- Prompt -
An exact, complete copy of the data that follows is needed.

- Materials provided -
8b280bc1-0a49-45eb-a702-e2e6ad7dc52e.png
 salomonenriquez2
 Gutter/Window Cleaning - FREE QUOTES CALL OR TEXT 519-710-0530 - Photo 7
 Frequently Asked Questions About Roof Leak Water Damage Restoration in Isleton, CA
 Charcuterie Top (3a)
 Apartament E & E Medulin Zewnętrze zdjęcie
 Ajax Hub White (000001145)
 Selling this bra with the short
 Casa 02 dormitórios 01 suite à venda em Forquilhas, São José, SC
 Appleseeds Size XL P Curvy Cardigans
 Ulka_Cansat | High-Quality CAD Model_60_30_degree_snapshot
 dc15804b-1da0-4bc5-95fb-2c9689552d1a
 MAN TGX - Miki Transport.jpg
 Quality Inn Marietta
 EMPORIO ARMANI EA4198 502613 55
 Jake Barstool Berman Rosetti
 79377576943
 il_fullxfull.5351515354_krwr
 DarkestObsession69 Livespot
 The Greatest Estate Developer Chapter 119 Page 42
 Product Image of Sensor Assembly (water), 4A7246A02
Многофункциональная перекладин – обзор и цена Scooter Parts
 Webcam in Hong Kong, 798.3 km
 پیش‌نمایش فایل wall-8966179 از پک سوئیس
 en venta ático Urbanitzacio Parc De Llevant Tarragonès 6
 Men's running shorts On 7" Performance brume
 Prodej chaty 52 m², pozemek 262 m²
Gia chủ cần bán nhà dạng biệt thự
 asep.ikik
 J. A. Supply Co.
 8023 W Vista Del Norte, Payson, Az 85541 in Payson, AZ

- The completed task -
8b280bc1-0a49-45eb-a702-e2e6ad7dc52e.png
 salomonenriquez2
 Gutter/Window Cleaning - FREE QUOTES CALL OR TEXT 519-710-0530 - Photo 7
 Frequently Asked Questions About Roof Leak Water Damage Restoration in Isleton, CA
 Charcuterie Top (3a)
 Apartament E & E Medulin Zewnętrze zdjęcie
 Ajax Hub White (000001145)
 Selling this bra with the short
 Casa 02 dormitórios 01 suite à venda em Forquilhas, São José, SC
 Appleseeds Size XL P Curvy Cardigans
 Ulka_Cansat | High-Quality CAD Model_60_30_degree_snapshot
 dc15804b-1da0-4bc5-95fb-2c9689552d1a
 MAN TGX - Miki Transport.jpg
 Quality Inn Marietta
 EMPORIO ARMANI EA4198 502613 55
 Jake Barstool Berman Rosetti
 79377576943
 il_fullxfull.5351515354_krwr
 DarkestObsession69 Livespot
 The Greatest Estate Developer Chapter 119 Page 42
 Product Image of Sensor Assembly (water), 4A7246A02
Многофункциональная перекладин – обзор и цена Scooter Parts
 Webcam in Hong Kong, 798.3 km
 پیش‌نمایش فایل wall-8966179 از پک سوئیس
 en venta ático Urbanitzacio Parc De Llevant Tarragonès 6
 Men's running shorts On 7" Performance brume
 Prodej chaty 52 m², pozemek 262 m²
Gia chủ cần bán nhà dạng biệt thự
 asep.ikik
 J. A. Supply Co.
 8023 W Vista Del Norte, Payson, Az 85541 in Payson, AZ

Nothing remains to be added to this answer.